_What you need to do_
Among the records below, find the line with "Proiector, LED, Antares, 200W, Negru, 5700K, +" and the line with "Подвесная люстра Eurosvet". Set down both and every line between, exactly and with no pictures, but nothing else.

_Entries provided_
********

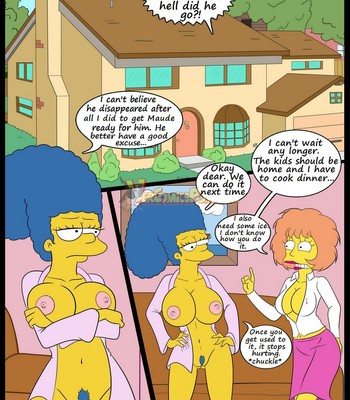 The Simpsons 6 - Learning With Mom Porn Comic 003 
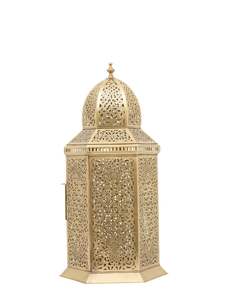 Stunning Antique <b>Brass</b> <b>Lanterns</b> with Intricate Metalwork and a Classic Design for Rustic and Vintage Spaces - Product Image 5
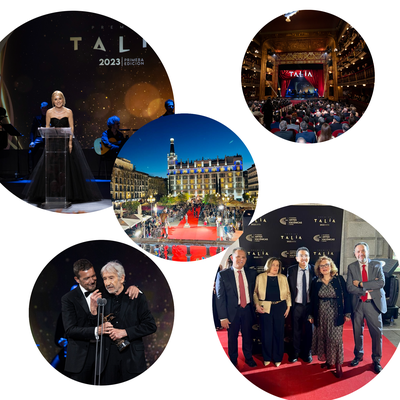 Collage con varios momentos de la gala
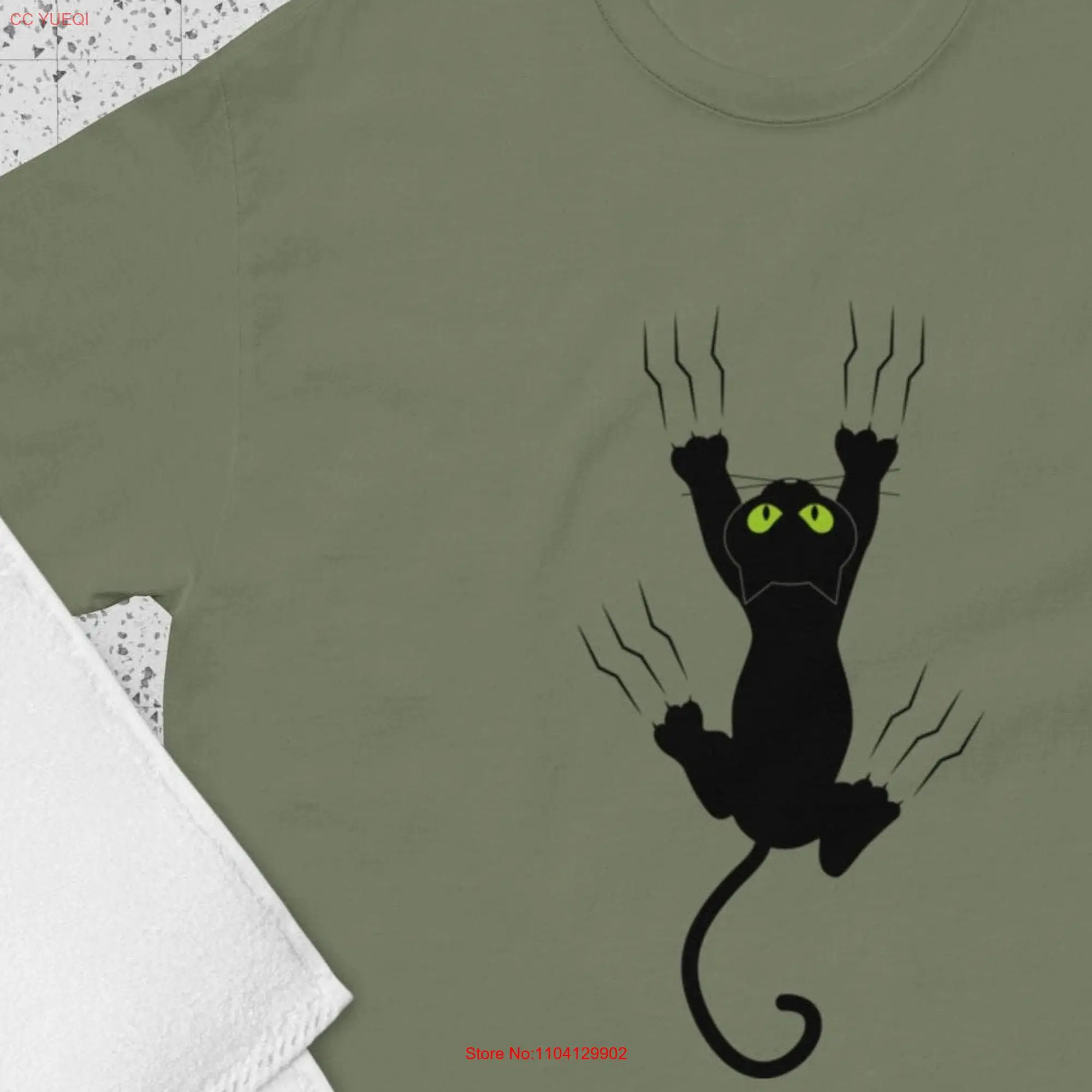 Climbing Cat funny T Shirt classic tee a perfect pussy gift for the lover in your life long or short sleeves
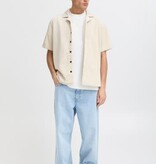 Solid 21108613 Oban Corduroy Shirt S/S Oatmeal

********

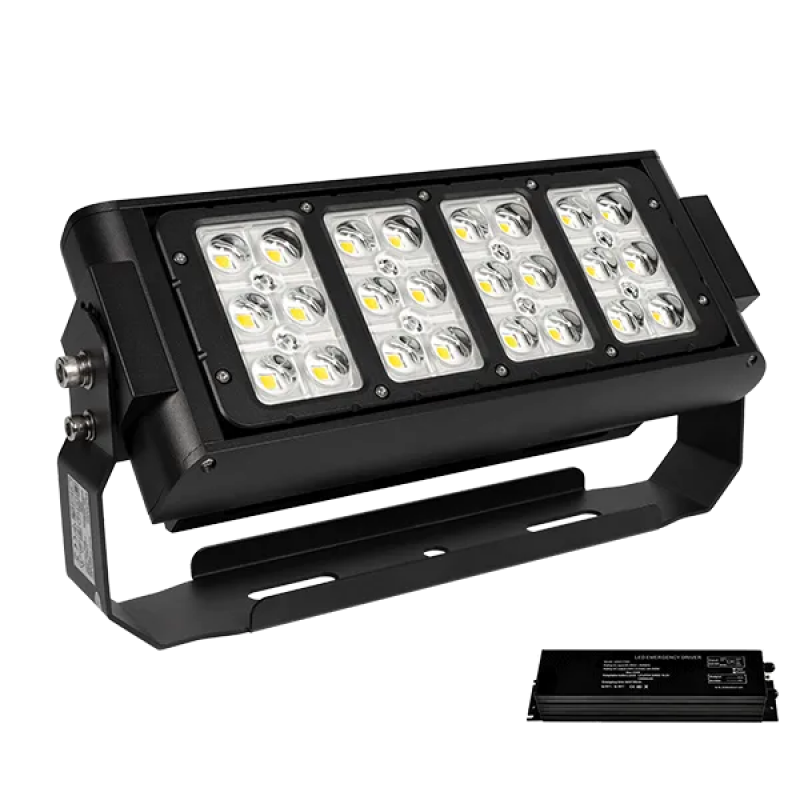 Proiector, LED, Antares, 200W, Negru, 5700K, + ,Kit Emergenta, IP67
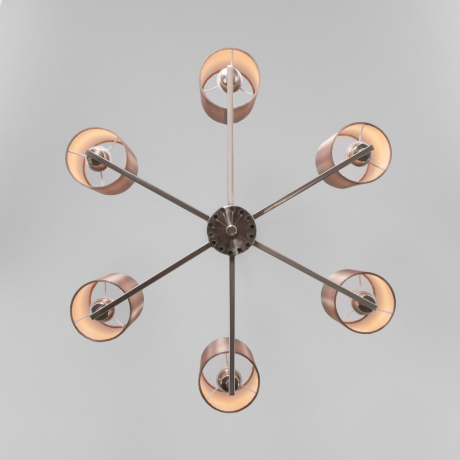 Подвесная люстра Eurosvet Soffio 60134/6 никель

********

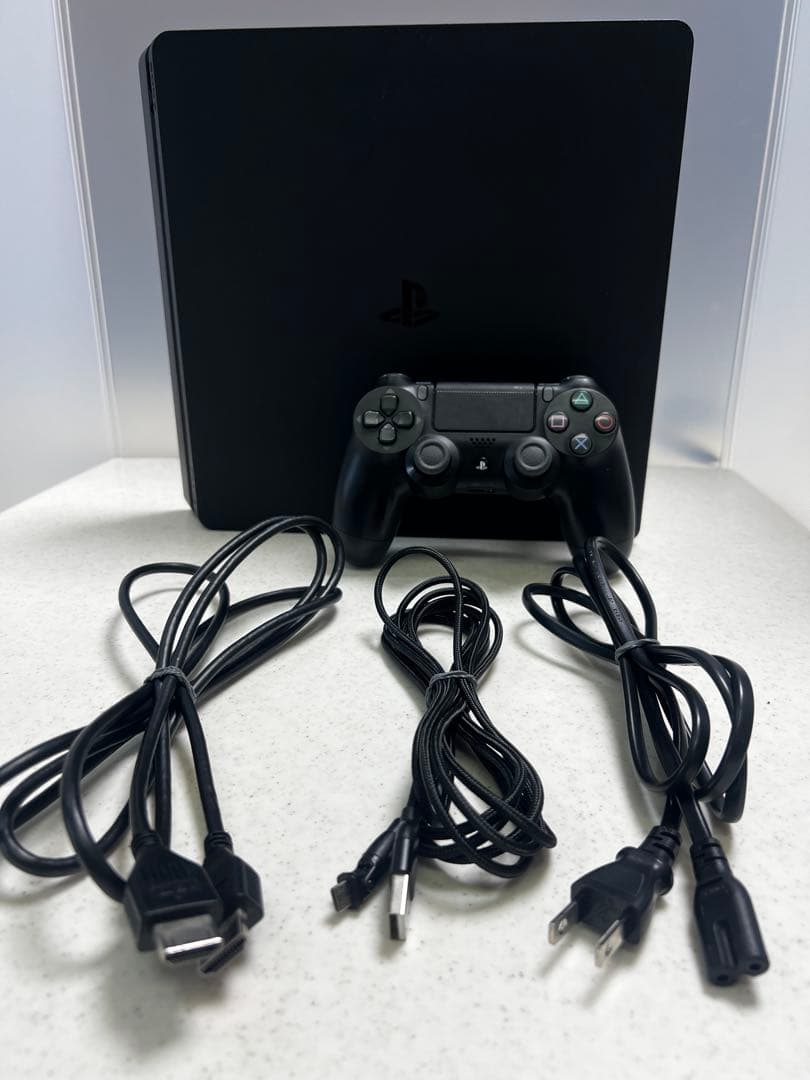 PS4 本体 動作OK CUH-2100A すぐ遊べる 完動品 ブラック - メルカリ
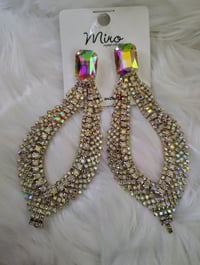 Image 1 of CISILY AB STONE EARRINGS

********

_Exercise result_
 Proiector, LED, Antares, 200W, Negru, 5700K, + ,Kit Emergenta, IP67
 Подвесная люстра Eurosvet Soffio 60134/6 никель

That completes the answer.